A presença de Bartonella foi isolada em pulgas e está demonstrado que as mesmas transmitem a doença de gato para gato, mas não para seres humanos. Cerca de 95% das pessoas que apresentam DAG têm história de arranhadura de gato, 4% arranhadura ou mordedura de cão e 1% nenhum histórico de contato com animal4.
A DAG ou bartonelose manifesta-se como linfonodomegalia regional e dolorosa, de evolução subaguda após arranhadura ou mordida de gato. Em alguns casos, ocorre adenopatia generalizada. Cerca de 3 a 5 dias após a arranhadura, surge uma pápula efêmera, que evolui para pústula e então crosta, associada à adenopatia localizada, dolorosa, que eventualmente supura, nos linfonodos responsáveis pela drenagem da região arranhada.
Sintomas gerais (febre baixa, anorexia) são frequentes.
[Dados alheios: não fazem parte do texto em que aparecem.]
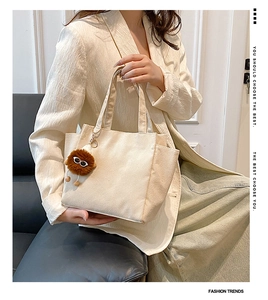 Detail of beige corduroy shoulder bag featuring a cute brown plush monster charm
Caso a doença não seja identificada e tratada, a linfonodopatia pode persistir por meses. Encefalite, meningite, hepatite e infecção disseminada são formas raras1,4.
O objetivo do presente trabalho é relatar um caso clínico de um paciente pediátrico que recebeu diagnóstico de DAG, e discutir questões relativas à epidemiologia, diagnóstico diferencial e tratamento dessa afecção.
RELATO DE CASO
Paciente J.W.G.F., de sexo masculino, com 7 anos e 10 meses de idade, iniciou quadro de tumoração em região supraclavicular direita, progressiva, dolorosa apenas à palpação, na ausência de febre, emagrecimento e queda do estado geral. Sem história de infecções, doenças ou vacinação antes do surgimento do nódulo. O apetite estava preservado e havia agitação durante o sono.
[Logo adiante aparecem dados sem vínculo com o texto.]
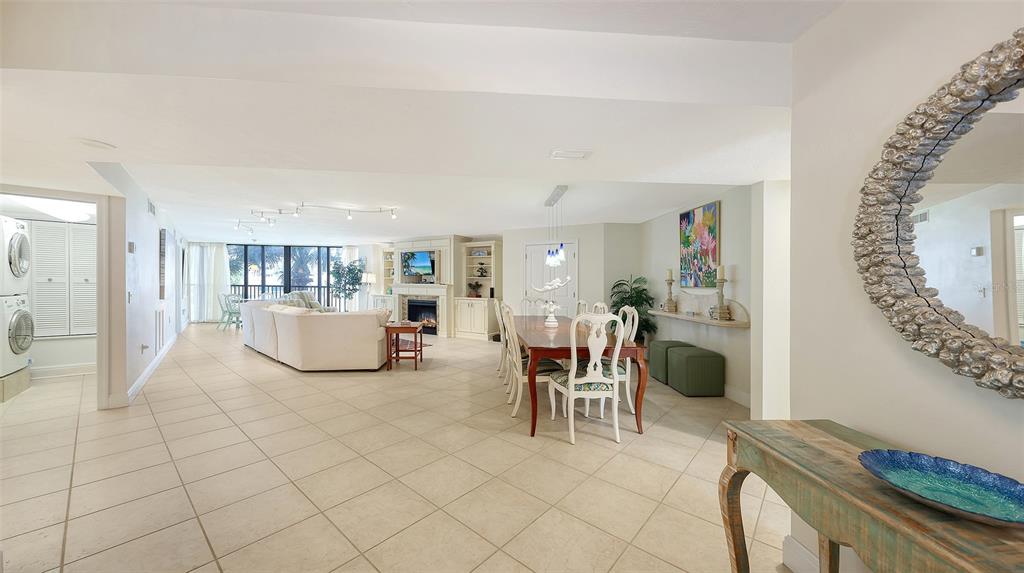 An open-concept living and dining area features tile flooring, a fireplace, and a large mirror — 5880 MIDNIGHT PASS ROAD UNIT 307, SARASOTA, FL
Após ser notada a tumoração, o paciente passou por avaliação médica e foi solicitada ultrassonografia cervical e supraclavicular direita, a qual evidenciou múltiplas imagens nodulares hipoecogênicas, em ambas as regiões examinadas, de tamanhos variados, o maior medindo 2 cm, devendo corresponder a linfonodomegalias. Em virtude do aumento progressivo da tumoração, o paciente foi internado para investigação na Enfermaria de Pediatria do Hospital Universitário da Universidade Federal de Juiz de Fora.
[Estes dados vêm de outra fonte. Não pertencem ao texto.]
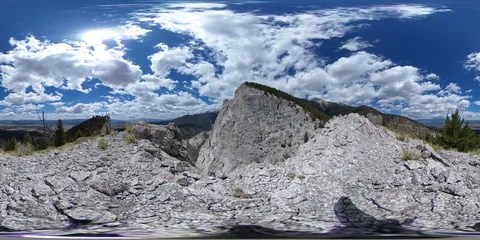 360VR Pale grey-white Cliffs under fast moving Clouds and Blue Sky Stock Footage 91301560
A criança apresentava ainda história de prematuridade e baixo peso, e era portadora de anemia falciforme, com hemoglobina basal de 8 g/dL, diagnosticada no teste do pezinho, atualmente em uso regular de ácido fólico 5 mg/dia e hidroxiureia 500 mg/dia. Nega alergias e cirurgias e relata múltiplas internações prévias por crises álgicas e três episódios de infecção urinária. Relata contato com cachorro, papagaio e cavalo, além ter tido contato anterior com gato doméstico. Negava viagens prévias e as vacinas estavam em dia.
Ao exame físico, o paciente apresentava peso de 19,9 kg (escore z 0/-2) e altura de 117 cm (escore z 0/-2). Estava em bom estado geral, hidratado e corado. Apresentava linfonodos de consistência fibroelástica, móveis, indolores em região submandibular, cervical anterior, axilar bilateral e inguinal bilateral, além de linfonodomegalia supraclavicular direita com cerca de 3 cm, doloroso e móvel. Na ausculta cardíaca, o ritmo era regular, em dois tempos, com bulhas normofonéticas e sopro protossistólico (++/6+). Fígado palpável a 2 cm do rebordo costal direito, baço não palpável. Restante do exame físico sem alterações.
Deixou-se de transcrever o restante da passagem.